Major international companies have been rushing to establish themselves in Iran as the country re-opens for business after the lifting of international sanctions but Japanese companies have been cautious.
“Iran has great potential for Japanese companies as an investment destination given its rich reserves of oil and natural gas and its huge market,” Japan’s foreign ministry said in a statement after the agreement was signed in Tokyo.
The agreement “improves legal stability of investment, will contribute to promotion of the reciprocal investment and human exchanges, and to further development of the economic relationship between the two countries,” the ministry said.
With a market of 80 million people and annual output of some $400 billion, Iran is the biggest economy to rejoin the global trading system since the Soviet Union broke up over two decades ago.
Although many crippling sanctions have been lifted in return for compliance with a deal to curb its nuclear ambitions, some financial restrictions remain in place, which has kept Japanese companies on the sidelines.
“If any Japanese banks or other banks feel that they have some problems, immediately let us know,” Mohammad Khazaee, Iran’s vice minister of economic affairs and finance, told a gathering of about 200 Japanese business representatives on Friday.

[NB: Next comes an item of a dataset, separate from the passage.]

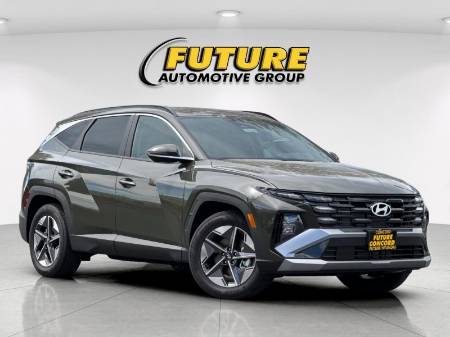 2026 Hyundai Tucson SEL Premium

“We have a channel of communication directly to the US Treasury and to the US Secretary of State,” Khazaee said before exhorting Japanese companies to invest.
Washington still prevents US nationals, banks and insurers from trading with Iran and also prohibits any trades with Iran in US dollars from being processed via the US financial system, a significant complication given the greenback’s role as the world’s main business currency.
Iran has 9.3pc of the world’s proven oil reserves, the fourth largest after Venezuela, Saudi Arabia and Canada.
It also has 18.2pc of the world’s natural gas reserves, bigger even than Russia’s 17.4pc share, according to the BP Statistical Review of World Energy.